The neuron node adjacent to the synaptic array is often neglected in the neuromorphic system study. After the analog computation in the cross-point array, the weighted sum current at the end of each BL should be processed (e.g., converted to voltage spike or digital pulse),
[44] which is a vital role of the biological neuron that receives the current from the synapses and thereafter decides whether to activate an action potential to the next neurons in the neural network. Typically, the silicon complementary metal–oxide–semiconductor (CMOS)-based neuronal circuits comprising tens of transistors with a capacitor are used for implementing the integrate-and-fire neuron model.

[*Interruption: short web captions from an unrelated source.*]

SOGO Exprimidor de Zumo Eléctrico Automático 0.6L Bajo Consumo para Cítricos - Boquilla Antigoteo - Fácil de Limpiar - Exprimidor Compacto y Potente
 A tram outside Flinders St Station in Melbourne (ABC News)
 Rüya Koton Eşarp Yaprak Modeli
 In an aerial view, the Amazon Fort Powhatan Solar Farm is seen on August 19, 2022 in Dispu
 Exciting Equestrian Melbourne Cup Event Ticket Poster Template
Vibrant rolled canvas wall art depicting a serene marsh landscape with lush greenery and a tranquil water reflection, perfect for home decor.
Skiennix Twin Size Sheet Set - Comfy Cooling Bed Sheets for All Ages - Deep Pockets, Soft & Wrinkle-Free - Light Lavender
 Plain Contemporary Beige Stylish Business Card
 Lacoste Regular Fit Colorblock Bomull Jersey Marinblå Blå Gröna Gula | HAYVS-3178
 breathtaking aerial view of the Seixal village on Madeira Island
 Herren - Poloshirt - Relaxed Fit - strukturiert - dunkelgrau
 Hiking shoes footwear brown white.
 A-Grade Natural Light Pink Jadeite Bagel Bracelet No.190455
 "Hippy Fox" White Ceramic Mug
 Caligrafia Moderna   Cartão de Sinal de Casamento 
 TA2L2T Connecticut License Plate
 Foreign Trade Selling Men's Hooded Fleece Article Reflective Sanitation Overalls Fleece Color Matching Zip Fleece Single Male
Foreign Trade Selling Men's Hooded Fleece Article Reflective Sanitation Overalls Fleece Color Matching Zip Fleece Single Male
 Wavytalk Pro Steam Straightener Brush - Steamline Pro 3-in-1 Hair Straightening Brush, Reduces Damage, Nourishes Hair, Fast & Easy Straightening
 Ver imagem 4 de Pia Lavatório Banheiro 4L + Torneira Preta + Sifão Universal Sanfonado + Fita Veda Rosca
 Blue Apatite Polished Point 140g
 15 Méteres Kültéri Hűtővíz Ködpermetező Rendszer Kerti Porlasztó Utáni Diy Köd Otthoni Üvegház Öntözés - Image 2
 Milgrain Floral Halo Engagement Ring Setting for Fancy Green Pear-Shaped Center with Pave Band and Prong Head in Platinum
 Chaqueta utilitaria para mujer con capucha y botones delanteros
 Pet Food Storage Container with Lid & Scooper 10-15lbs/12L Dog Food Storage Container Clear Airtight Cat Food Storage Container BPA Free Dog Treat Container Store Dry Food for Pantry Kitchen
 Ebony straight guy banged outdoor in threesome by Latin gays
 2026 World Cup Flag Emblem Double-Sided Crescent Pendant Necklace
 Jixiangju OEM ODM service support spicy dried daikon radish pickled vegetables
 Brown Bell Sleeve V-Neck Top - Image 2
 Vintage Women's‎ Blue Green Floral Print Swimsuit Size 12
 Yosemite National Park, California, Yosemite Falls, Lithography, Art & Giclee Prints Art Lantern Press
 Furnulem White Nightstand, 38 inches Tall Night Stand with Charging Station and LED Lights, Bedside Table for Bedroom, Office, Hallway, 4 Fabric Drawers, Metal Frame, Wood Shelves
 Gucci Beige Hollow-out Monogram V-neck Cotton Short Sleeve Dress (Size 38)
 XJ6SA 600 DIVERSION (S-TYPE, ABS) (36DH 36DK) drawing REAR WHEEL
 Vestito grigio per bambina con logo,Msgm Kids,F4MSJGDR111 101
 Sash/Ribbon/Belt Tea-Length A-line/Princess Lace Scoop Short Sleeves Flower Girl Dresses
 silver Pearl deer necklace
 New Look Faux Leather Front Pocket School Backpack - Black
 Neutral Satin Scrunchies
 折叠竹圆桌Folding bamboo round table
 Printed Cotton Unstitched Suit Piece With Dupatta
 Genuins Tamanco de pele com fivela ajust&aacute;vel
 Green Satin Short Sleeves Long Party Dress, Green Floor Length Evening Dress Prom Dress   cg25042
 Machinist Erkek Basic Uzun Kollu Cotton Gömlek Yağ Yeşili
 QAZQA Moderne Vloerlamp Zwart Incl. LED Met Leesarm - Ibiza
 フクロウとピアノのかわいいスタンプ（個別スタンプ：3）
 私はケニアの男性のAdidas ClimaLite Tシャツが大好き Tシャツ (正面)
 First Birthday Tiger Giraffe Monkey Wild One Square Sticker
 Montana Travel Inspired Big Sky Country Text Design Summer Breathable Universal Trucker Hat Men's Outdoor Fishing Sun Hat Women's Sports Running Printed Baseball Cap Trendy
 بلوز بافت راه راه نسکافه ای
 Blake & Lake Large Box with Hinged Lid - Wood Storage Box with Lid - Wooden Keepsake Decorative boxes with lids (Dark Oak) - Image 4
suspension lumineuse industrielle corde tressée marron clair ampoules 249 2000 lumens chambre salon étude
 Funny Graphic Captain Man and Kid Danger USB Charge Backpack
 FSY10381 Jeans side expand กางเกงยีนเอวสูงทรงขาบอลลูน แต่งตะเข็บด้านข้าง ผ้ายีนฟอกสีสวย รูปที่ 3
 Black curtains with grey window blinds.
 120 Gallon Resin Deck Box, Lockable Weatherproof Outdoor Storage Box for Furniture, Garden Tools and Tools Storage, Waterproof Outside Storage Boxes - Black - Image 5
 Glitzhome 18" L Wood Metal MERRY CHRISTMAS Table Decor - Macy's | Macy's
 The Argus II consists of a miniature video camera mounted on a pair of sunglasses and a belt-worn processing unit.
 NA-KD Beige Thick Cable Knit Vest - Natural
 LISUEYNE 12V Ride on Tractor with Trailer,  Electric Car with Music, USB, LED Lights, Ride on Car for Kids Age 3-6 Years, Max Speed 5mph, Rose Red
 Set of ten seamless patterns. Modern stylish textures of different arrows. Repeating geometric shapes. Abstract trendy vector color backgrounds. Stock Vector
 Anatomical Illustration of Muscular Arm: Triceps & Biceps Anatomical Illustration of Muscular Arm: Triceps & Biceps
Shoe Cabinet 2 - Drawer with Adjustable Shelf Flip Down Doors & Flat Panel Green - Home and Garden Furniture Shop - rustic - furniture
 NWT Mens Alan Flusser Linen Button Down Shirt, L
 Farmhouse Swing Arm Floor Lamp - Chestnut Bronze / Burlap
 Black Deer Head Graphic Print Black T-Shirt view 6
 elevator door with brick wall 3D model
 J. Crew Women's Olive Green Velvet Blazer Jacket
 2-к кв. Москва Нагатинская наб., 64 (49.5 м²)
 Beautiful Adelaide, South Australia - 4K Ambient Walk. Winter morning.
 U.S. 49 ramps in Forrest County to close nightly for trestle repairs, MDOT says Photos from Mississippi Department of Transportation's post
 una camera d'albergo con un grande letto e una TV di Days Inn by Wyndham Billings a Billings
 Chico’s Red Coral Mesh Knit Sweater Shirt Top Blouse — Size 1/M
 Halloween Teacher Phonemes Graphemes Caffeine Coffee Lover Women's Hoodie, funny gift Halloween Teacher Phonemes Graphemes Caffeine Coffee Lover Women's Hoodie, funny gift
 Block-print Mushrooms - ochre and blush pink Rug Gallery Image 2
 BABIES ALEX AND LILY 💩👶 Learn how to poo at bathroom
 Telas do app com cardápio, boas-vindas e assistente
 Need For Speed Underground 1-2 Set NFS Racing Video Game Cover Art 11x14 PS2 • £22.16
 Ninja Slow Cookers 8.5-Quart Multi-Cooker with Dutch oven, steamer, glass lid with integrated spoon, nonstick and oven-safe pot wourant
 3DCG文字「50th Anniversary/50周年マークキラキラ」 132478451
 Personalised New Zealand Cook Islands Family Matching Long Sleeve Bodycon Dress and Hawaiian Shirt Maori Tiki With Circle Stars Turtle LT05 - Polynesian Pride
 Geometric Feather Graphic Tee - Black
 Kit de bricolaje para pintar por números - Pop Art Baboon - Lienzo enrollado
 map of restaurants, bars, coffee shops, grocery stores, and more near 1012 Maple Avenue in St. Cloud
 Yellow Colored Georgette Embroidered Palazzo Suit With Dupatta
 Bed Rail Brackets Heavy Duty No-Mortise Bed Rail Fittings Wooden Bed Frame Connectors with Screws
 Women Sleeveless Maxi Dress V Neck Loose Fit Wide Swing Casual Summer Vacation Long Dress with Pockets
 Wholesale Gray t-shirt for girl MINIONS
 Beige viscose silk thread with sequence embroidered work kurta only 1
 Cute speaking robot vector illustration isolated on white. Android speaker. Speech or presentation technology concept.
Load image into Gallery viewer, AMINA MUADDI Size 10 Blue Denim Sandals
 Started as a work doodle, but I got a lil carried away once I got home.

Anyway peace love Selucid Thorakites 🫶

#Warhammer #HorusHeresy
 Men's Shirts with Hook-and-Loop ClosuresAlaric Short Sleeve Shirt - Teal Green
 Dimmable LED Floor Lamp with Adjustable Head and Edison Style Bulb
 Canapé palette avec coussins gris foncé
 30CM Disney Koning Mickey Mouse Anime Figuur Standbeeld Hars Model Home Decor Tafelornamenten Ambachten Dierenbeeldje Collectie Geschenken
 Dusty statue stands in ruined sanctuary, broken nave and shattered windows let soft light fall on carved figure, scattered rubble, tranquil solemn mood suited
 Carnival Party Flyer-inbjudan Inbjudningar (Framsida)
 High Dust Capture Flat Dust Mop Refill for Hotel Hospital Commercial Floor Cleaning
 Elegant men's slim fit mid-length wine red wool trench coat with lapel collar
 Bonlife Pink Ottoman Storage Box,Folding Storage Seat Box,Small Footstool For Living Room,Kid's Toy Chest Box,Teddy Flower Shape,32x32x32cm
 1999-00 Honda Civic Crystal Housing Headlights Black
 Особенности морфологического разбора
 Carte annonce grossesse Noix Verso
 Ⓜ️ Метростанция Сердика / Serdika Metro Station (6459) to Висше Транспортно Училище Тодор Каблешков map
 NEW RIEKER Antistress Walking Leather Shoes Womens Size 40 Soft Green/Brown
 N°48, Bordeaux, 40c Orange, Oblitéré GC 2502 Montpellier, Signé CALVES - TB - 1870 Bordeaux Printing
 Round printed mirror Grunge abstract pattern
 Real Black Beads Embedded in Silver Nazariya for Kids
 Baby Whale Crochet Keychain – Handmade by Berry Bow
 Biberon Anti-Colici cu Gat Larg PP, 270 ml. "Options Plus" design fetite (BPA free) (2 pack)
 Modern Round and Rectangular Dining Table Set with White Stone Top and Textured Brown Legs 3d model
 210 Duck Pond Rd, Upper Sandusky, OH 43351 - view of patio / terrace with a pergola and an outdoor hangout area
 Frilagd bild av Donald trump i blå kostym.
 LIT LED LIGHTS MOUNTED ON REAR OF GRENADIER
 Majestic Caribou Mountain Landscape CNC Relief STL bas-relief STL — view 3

[45] The weighted sum current is first integrated into the capacitor placed at the end of the BL. When the charged voltage exceeds the threshold, digitized output voltage spikes are generated through the circuitry. By counting the number of the output spikes that are designed to be proportional to the amplitude of the read-out current, the neuron node is capable of determining the output firing strength following activation functions such as sigmoid, tanh, softmax, and rectified linear unit.
[46] However, the complex neuronal circuit with a capacitor clearly occupies a substantially larger footprint than the BL pitch of the cross-point array. The pitch mismatch problem inevitably causes a single neuron node to be shared with multiple BLs, which implies that the weighted currents computed in parallel from the synaptic arrays have to be sequentially processed.
Herein, we first discuss the advances in the PCM and RRAM, where significant progress has been achieved, to address the requirements of the neuromorphic synaptic devices. Recent strategies based on the prominent specific characteristics of other candidates such as ECRAM, ferroelectric memory, and MRAM to overcome relevant challenges have also been explored. Next, we have introduced studies that explored compact neuromorphic neuronal devices based on either two-terminal switches or volatile memories, highlighting the advantages of these devices from an area and energy perspective, as shown in Figure 3. Finally, we have concluded the article by indicating future study based on the current status to boost neuromorphic system performances.